Mads Mikkelsen trotseert de elementen in ‘King’s Land’
‘King’s Land’ (2023)
Dankzij een indrukwekkende cinematografie en een beklijvende Mads Mikkelsen schopte het Deense ‘Bastarden’, ofte ‘King’s Land’, het tot de shortlist van de Oscars. Het op historische feiten gebaseerde drama zag een nominatie uiteindelijk door de neus geboord.
De droom van de koning
In de openingsscène van ‘King’s Land’ mogen we meteen de ontembare karakterkop van Mads Mikkelsen bewonderen. Als de 18de-eeuwse kapitein Ludvig von Kahlen corrigeert hij de plooien in zijn voorts onberispelijke uniform, terwijl hij zich opmaakt voor een gesprek dat zijn leven zal veranderen. De machtige, met goud beklede muurschilderingen van het paleis waar dit moment zich afspeelt, zorgen al meteen voor een oogstrelend begin. De schoonheid van cinema in slechts enkele shots.

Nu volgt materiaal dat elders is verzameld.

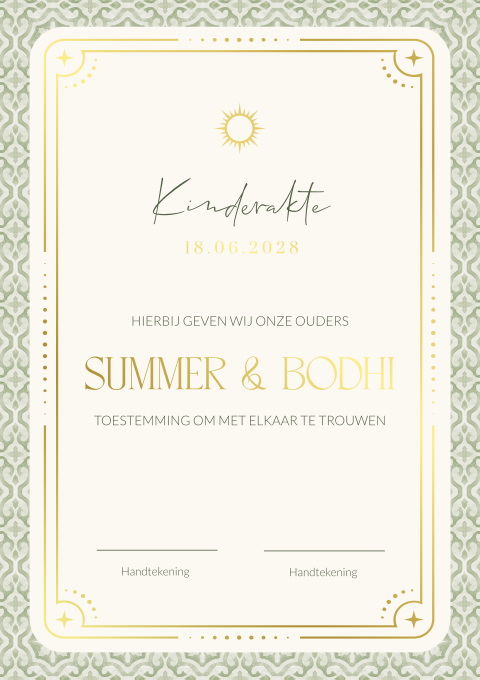 Kinder boho trouwakte met mediterraans patroon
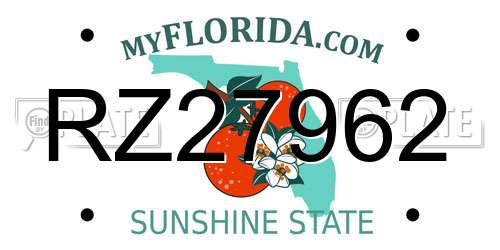 RZ27962 Florida License Plate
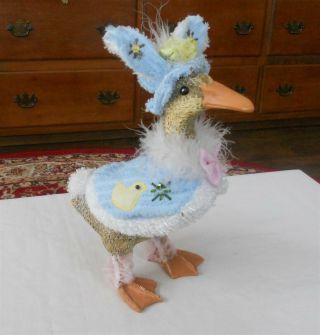Easter Decor Duck Dressed As A Rabbit Chenille Cape Feather 10 "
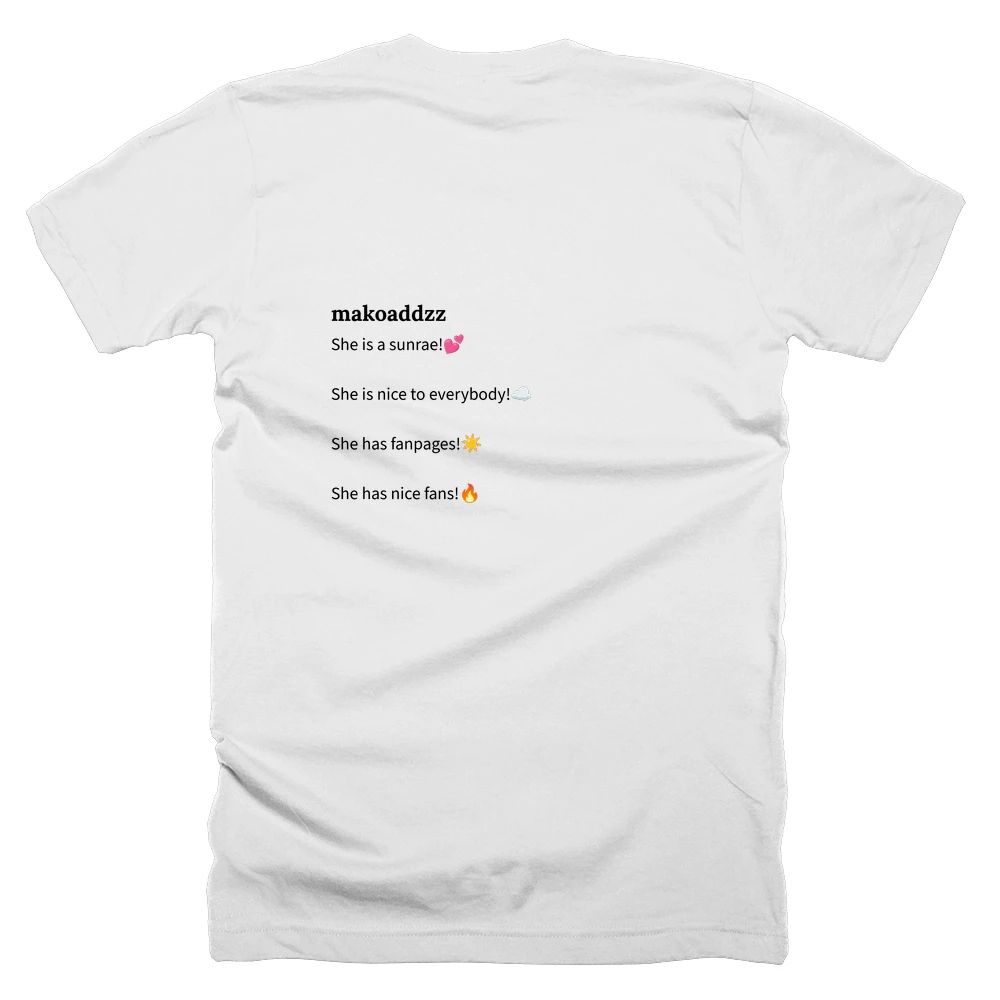 T-shirt with a definition of 'makoaddzz' printed on the back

De missie van Ludvig? Hij wil het Deense hooggerechtshof ervan overtuigen hem na 25 jaar trouwe legerdienst een stuk land te schenken. Geen uitgestrekt landgoed of juweeltje in Kopenhagen, nee, een verlaten stuk steppe dat niemand bewoonbaar acht. Ver van de bewoonde wereld, dor en slechts een gure wind die je van schreeuwende stilte spaart. Ludvig wil er de wens van de koning laten uitkomen. Die droomt al jaren van een nederzetting in het gebied, maar zag er tot nu toe elke gezant op de limieten van het landschap botsen.
De kapitein vs. de grootgrondbezitter
De regisseur die de strijd van de patatten plantende Mikkelsen met zijn barre landbouwgrond in beeld brengt, luistert naar de naam Nikolaj Arcel. De Deen trekt de schoonheid van het begin door tot aan het einde. Mannen met pruiken en vrouwen met jurken worden afgewisseld met minstens even fraaie taferelen bij het werkvolk op het land.
Arcel is eveneens de man achter de geflopte Stephen King-verfilming ‘The Dark Tower’, maar verdient het vooral om herinnerd te worden voor ‘A Royal Affair’. De toen nog onbekende Alicia Vikander vertolkte de Deense koningin aan de zijde van een krankzinnige koning. Haar steeds groter wordende eenzaamheid werd getemperd door de dokter van het hof, gespeeld door… Mads Mikkelsen.
Ook in ‘King’s Land’ gaat de Deense kapoen aan de haal met de eenzame vrouw van een doorgedraaide hoge pief. Geen koning deze keer, maar Frederik De Schinkel (Simon Bennebjerg), een grootgrondbezitter uit de buurt. Een tiran buiten de muren van zijn kasteel, een narcist erbinnen. De Schinkel vindt dat hij recht heeft op de steppegrond en stelt alles in het werk om de plannen van Ludvig te dwarsbomen. Zo’n 250 jaar geleden liepen beide heren trouwens echt rond op de Scandinavische vlakten. De een-op-een-momenten waarin De Schinkel de onwrikbare Ludvig probeert te manipuleren en te vernederen zijn een genot om te volgen. Een mens vraagt zich af welke kracht het wreedst is. Die van de aardkloot of die van het gespuis dat erop rondloopt.
Redding uit onverwachte hoek
Waar de machine stokt, is bij de chemie die Mikkelsen en zijn vrouwelijke tegenspelers ontbreken. De rotsvaste devotie die hij toont voor een koning die hij nooit ontmoette, staat in schril contrast met de houterige interacties met zijn huishoudster en de vrouw van De Schinkel, die in hem een afleiding van hun sociaal isolement vinden. Hoe die relaties zich uiteindelijk ontwikkelen voelt ietwat wrang aan.
En toch is het een vrouw die ‘King’s Land’ van de middelmatigheid redt. De piepjonge Melina Hagberg – ze was amper acht jaar tijdens de opnames – weet als de stoutmoedige Anmai Mus Ludvigs stenen hart alsnog te doen smelten. Verschopt door de roversbende die haar opvoedde en gemeden door anderen omwille van haar donkere huidskleur heeft de kleine Anmai voor zichzelf leren opkomen. Haar brutale mond schrikt aanvankelijk ook Ludvig af, maar gaandeweg ontstaat er een speciale band tussen de twee.
De Oscarnominatie was te hoog gegrepen, maar dankzij het tweespel van Mikkelsen en de kleine meid onderscheidt ‘King’s Land’ zich finaal van andere historische drama’s die enkel teren op hun mooie plaatjes.
‘King’s Land’ speelt nu in de bioscoop.